Undo the effect of setting the dynamic range.

set_dimension_name(self: tensorrt.tensorrt.ITensor, index: int, name: str) None

Name a dimension of an input tensor.

Associate a runtime dimension of an input tensor with a symbolic name. Dimensions with the same non-empty name must be equal at runtime. Knowing this equality for runtime dimensions may help the TensorRT optimizer. Both runtime and build-time dimensions can be named. If the function is called again, with the same index, it will overwrite the previous name. If None is passed as name, it will clear the name of the dimension.

For example, setDimensionName(0, “n”) associates the symbolic name “n” with the leading dimension.

Parameters
  • index – index of the dimension.

  • name – name of the dimension.

set_dynamic_range(self: tensorrt.tensorrt.ITensor, min: float, max: float) bool

Set dynamic range for the tensor. NOTE: It is suggested to use tensor.dynamic_range = (min, max) instead.

Parameters
  • min – Minimum of the dynamic range.

  • max – Maximum of the dyanmic range.

Returns

true if succeed in setting range. Otherwise false.

ILayer

tensorrt.LayerType

Type of Layer

Members:

CONVOLUTION : Convolution layer

FULLY_CONNECTED : Fully connected layer

GRID_SAMPLE : Grid sample layer

NMS : NMS layer

ACTIVATION : Activation layer

POOLING : Pooling layer

LRN : LRN layer

SCALE : Scale layer

SOFTMAX : Softmax layer

DECONVOLUTION : Deconvolution layer

CONCATENATION : Concatenation layer

ELEMENTWISE : Elementwise layer

PLUGIN : Plugin layer

UNARY : Unary layer

PADDING : Padding layer

SHUFFLE : Shuffle layer

REDUCE : Reduce layer

TOPK : TopK layer

GATHER : Gather layer

MATRIX_MULTIPLY : Matrix multiply layer

RAGGED_SOFTMAX : Ragged softmax layer

CONSTANT : Constant layer

RNN_V2 : RNNv2 layer

IDENTITY : Identity layer

CAST : Cast layer

PLUGIN_V2 : PluginV2 layer

SLICE : Slice layer

SHAPE : Shape layer

PARAMETRIC_RELU : Parametric ReLU layer

RESIZE : Resize layer

TRIP_LIMIT : Loop Trip limit layer

RECURRENCE : Loop Recurrence layer

ITERATOR : Loop Iterator layer

LOOP_OUTPUT : Loop output layer

SELECT : Select layer

ASSERTION : Assertion layer

FILL : Fill layer

QUANTIZE : Quantize layer

DEQUANTIZE : Dequantize layer

CONDITION : If-conditional Condition layer

CONDITIONAL_INPUT : If-conditional input layer

CONDITIONAL_OUTPUT : If-conditional output layer

SCATTER : Scatter layer

EINSUM : Einsum layer

ONE_HOT : OneHot layer

NON_ZERO : NonZero layer

REVERSE_SEQUENCE : ReverseSequence layer

NORMALIZATION : Normalization layer

class tensorrt.ILayer

Base class for all layer classes in an INetworkDefinition .

Variables
  • namestr The name of the layer.

  • typeLayerType The type of the layer.

  • num_inputsint The number of inputs of the layer.

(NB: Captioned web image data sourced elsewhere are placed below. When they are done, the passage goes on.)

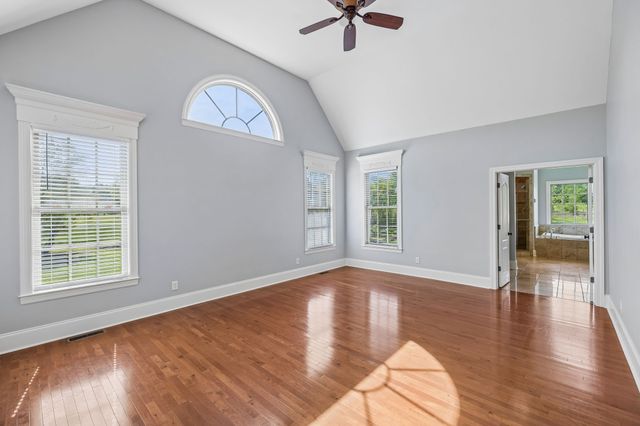 193 Bynum Rd, Bell Buckle, TN 37020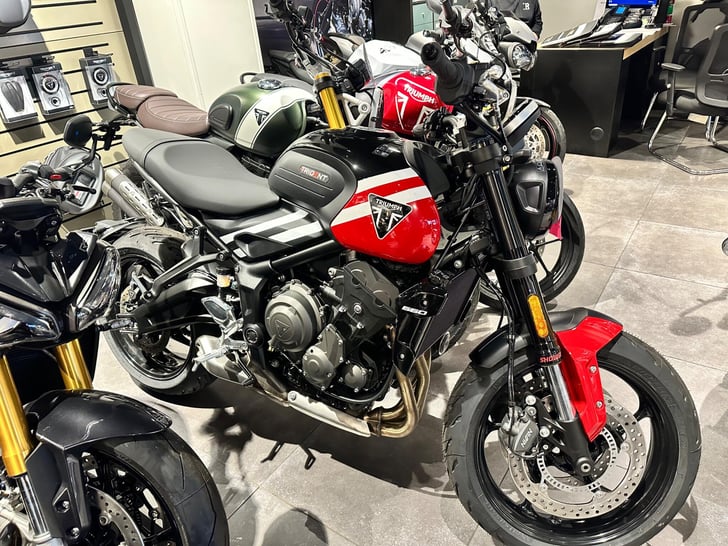 Triumph TRIDENT 660 TRIPLE TRIBUTE EDITION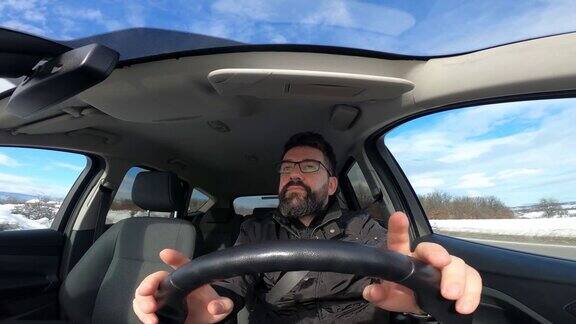 男性在假期的公路旅行司机开车的4k视频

  • num_outputsint The number of outputs of the layer.

  • precisionDataType The computation precision.

  • precision_is_setbool Whether the precision is set or not.

Ival metadata

str The per-layer metadata.

get_input(self: tensorrt.tensorrt.ILayer, index: int) tensorrt.tensorrt.ITensor

Get the layer input corresponding to the given index.

Parameters

index – The index of the input tensor.

Returns

The input tensor, or None if the index is out of range.

get_output(self: tensorrt.tensorrt.ILayer, index: int) tensorrt.tensorrt.ITensor

Get the layer output corresponding to the given index.

Parameters

index – The index of the output tensor.

Returns

The output tensor, or None if the index is out of range.

get_output_type(self: tensorrt.tensorrt.ILayer, index: int) tensorrt.tensorrt.DataType

Get the output type of the layer.

Parameters

index – The index of the output tensor.

Returns

The output precision. Default : DataType.FLOAT.

output_type_is_set(self: tensorrt.tensorrt.ILayer, index: int) bool

Whether the output type has been set for this layer.

Parameters

index – The index of the output.

Returns

Whether the output type has been explicitly set.

reset_output_type(self: tensorrt.tensorrt.ILayer, index: int) None

Reset output type of this layer.

Parameters

index – The index of the output.

reset_precision(self: tensorrt.tensorrt.ILayer) None

Reset the computation precision of the layer.

set_input(self: tensorrt.tensorrt.ILayer, index: int, tensor: tensorrt.tensorrt.ITensor) None

Set the layer input corresponding to the given index.

Parameters
  • index – The index of the input tensor.

  • tensor – The input tensor.

set_output_type(self: tensorrt.tensorrt.ILayer, index: int, dtype: tensorrt.tensorrt.DataType) None

Constraint layer to generate output data with given type. Note that this method cannot be used to set the data type of the second output tensor of the topK layer. The data type of the second output tensor of the topK layer is always int32 .

Parameters
  • index – The index of the output tensor to set the type.

  • dtype – DataType of the output.